Eleanor laughed, a sound Gray had enjoyed many times over the years.
“Truly, my lord. Ever since I arrived, there have been heavy clouds, thunder, rain, and lightning.”
“Like every other part of Britain, most of the time,” Lord Angsley said. “I don’t think there’s anything particularly Gothic about it. But for better weather, you must come with me some time to Spain. When I have my next commission, perhaps. If Beryl is going, you can provide company.”
“I don’t believe she’ll be going until after she has been delivered of her little one,” her ladyship informed her husband.
“In any case, it’s not merely the weather,” Eleanor said. “It’s the clever way the writer includes terrifying nature in the story.”
“Terrifying nature,” Gray repeated, watching her pretty lips with their hint of pink, along with her healthy cheeks.Or was she wearing artful cosmetics?
“Yes, as if it were a character, like the storm in Mary Shelley’s masterful book. And sometimes the writer assigns human intelligence to things in the natural world.”
“Such as?” he prompted.
“The whale in Moby Dick,” she offered.
“Or Mr. Poe’s Raven,” he added, thoroughly enjoying their conversation.
“The American writer,” she said. “I’ve never read him. I hear he’s excellent. In any case, when you combine all that with mysterious circumstances, it transforms the ordinary into the Gothic. It’s really all in how one perceives the situation, sometimes not knowing the reality. Do you see what I mean?”
His lordship frowned, and her ladyship yawned. Gray felt badly for Eleanor, who was trying so hard to explain.
“You mean like the gunfire,” he suggested, “that turned out to be only a farmer but could have been a madman coming to do us all in?”
The Angsleys both exclaimed aloud, but Eleanor grinned.
“Precisely,” she said, turning back to Lord Angsley. “And then there was the mysterious night rider, which turned out to be Mr. O’Connor arriving last night—”
“Please, feel free to call me Grayson.”
“Very well.”
They locked gazes for an instant too long. A man could get lost in those gorgeous eyes.If that man didn’t think of her as a little cousin!
“As I was saying, when Grayson arrived so late, like a knight charging across the field to his castle, it was straight out of a Gothic tale.”
“Absurd,” Lord Angsley said.
“Or even the butler bursting in with a missive,” Eleanor pointed out.
“Mr. Stanley doesn’t burst,” Lady Angsley protested.
“Still,” Eleanor continued, “do you see how those few easily explained circumstances, when combined with a dark night and a storm, can set a certain tone? That’s Gothic literature. Most thrilling! Especially when one is safely tucked in bed or in a cozy chair by the fire, and the damsel on the damp moors or the man kept in chains in his castle is only on the pages.”

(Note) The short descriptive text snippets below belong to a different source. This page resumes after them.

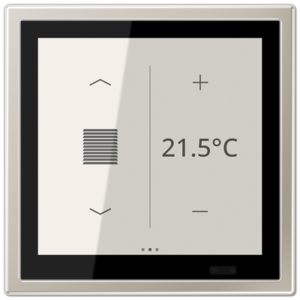 KNX Secure LS TOUCH con marco LS 990 Metal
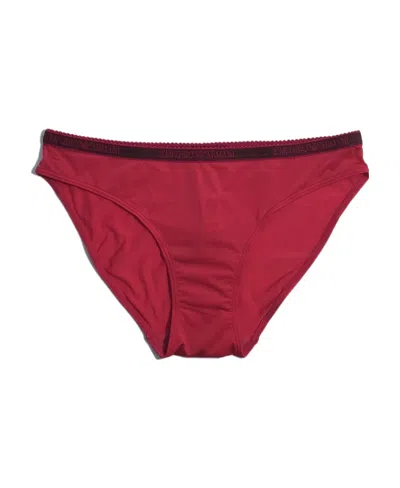 Emporio Armani Logo Logo Briefs In Red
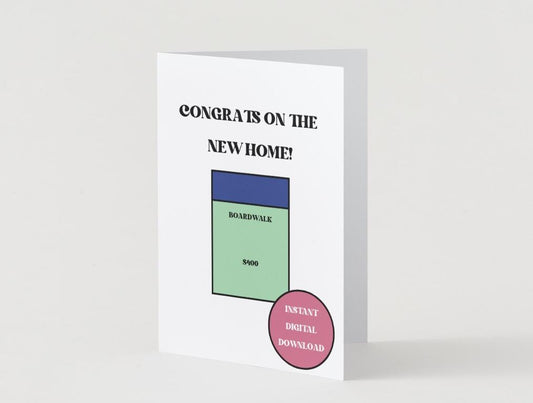Digital Download - Monopoly Housewarming/New Home Card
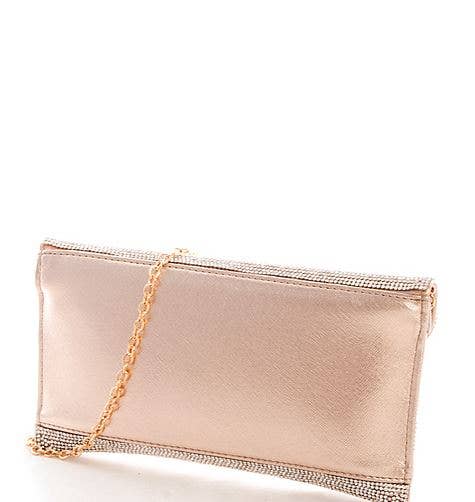 Rhinestone Embellished Envelope Clutch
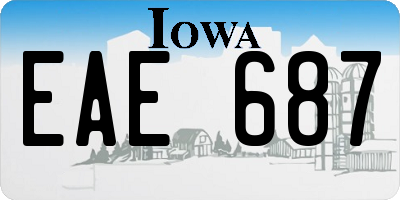 IA license plate EAE687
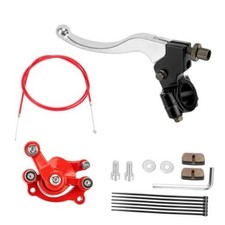 Mini Bike Brake Kit, 22mm Lever, Caliper  155cm Cable - Compatible with Red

“I see what you mean, dear,” Lady Angsley said as she stood, causing both men to rise with her. “I prefer a plain novel of manners, with no hint of nerve-wracking elements. Simply men and women going about their lives, like one of Jane Austen’s works, God rest her soul. Such a talent!”
Gray and Eleanor bid the lord and lady goodnight, and then they sat back down. He was immediately aware they were unusually and rather unacceptably alone.
“Are you thinking what I am?” he asked.